EXCERPTED RECORDS:
= = = =

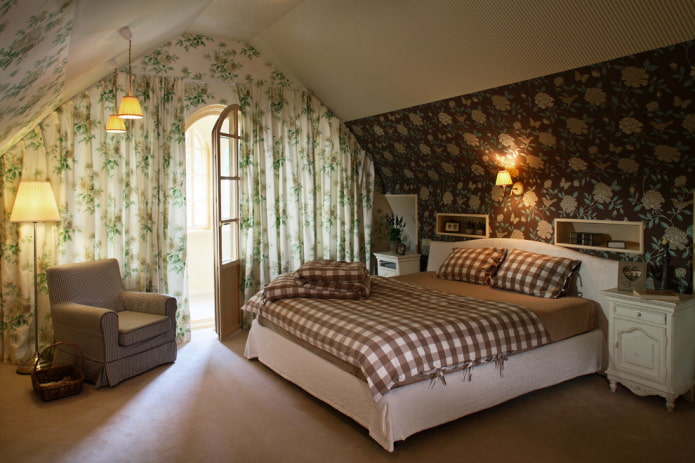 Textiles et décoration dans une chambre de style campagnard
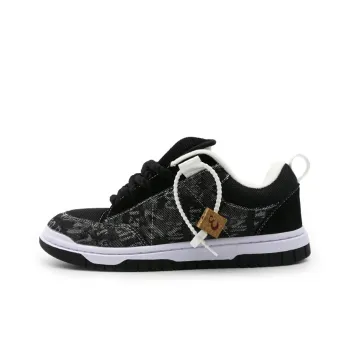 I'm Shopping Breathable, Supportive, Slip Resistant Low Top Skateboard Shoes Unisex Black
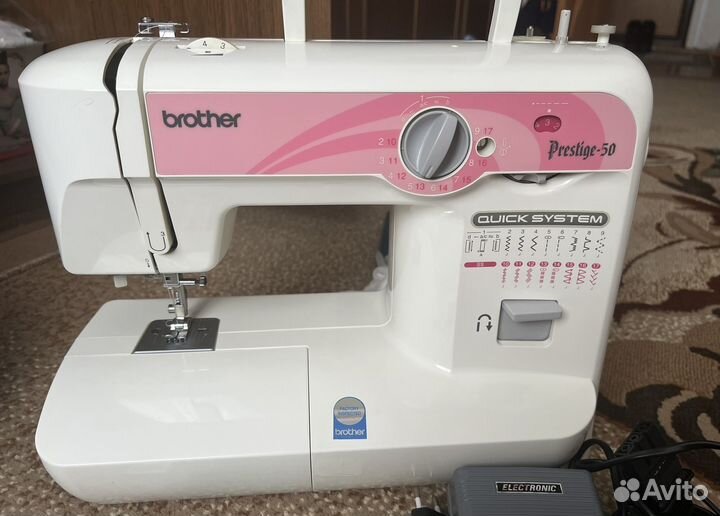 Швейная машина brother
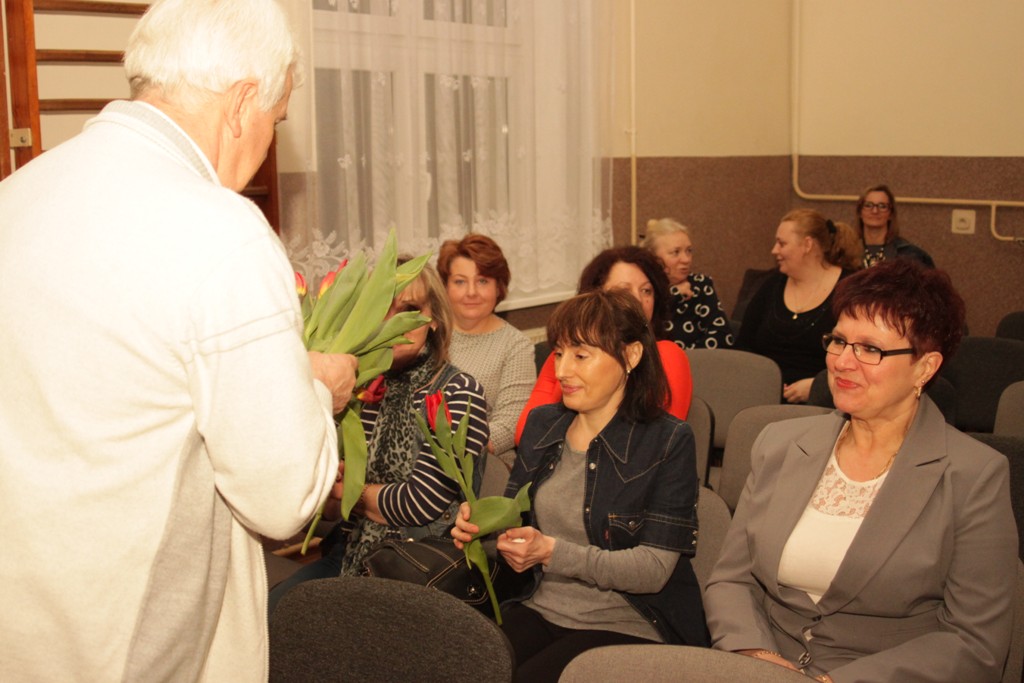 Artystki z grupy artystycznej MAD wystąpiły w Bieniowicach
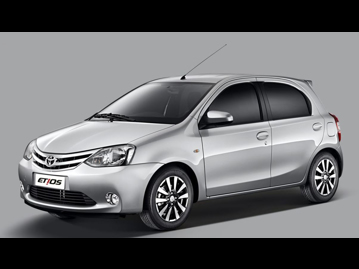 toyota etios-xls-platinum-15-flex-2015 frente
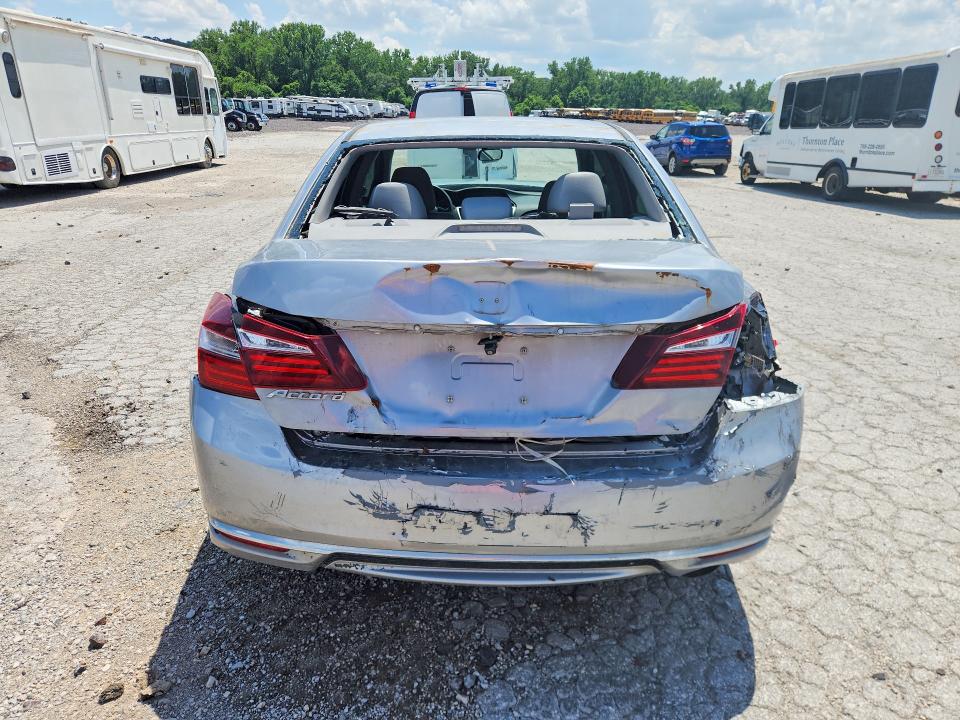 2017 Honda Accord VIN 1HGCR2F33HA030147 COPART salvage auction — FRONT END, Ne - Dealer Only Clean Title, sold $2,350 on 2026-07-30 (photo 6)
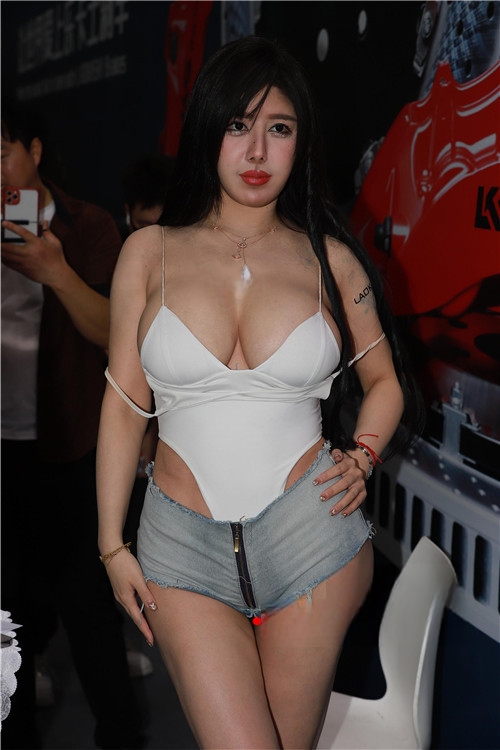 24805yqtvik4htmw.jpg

= = = =

EXERCISE: Leave every picture out and retype exactly the lines of the records above from the one holding "Швейная машина brother" through the last, both ends included and nothing besides.

EXPECTED ANSWER:
 Швейная машина brother
 Artystki z grupy artystycznej MAD wystąpiły w Bieniowicach
 toyota etios-xls-platinum-15-flex-2015 frente
 2017 Honda Accord VIN 1HGCR2F33HA030147 COPART salvage auction — FRONT END, Ne - Dealer Only Clean Title, sold $2,350 on 2026-07-30 (photo 6)
 24805yqtvik4htmw.jpg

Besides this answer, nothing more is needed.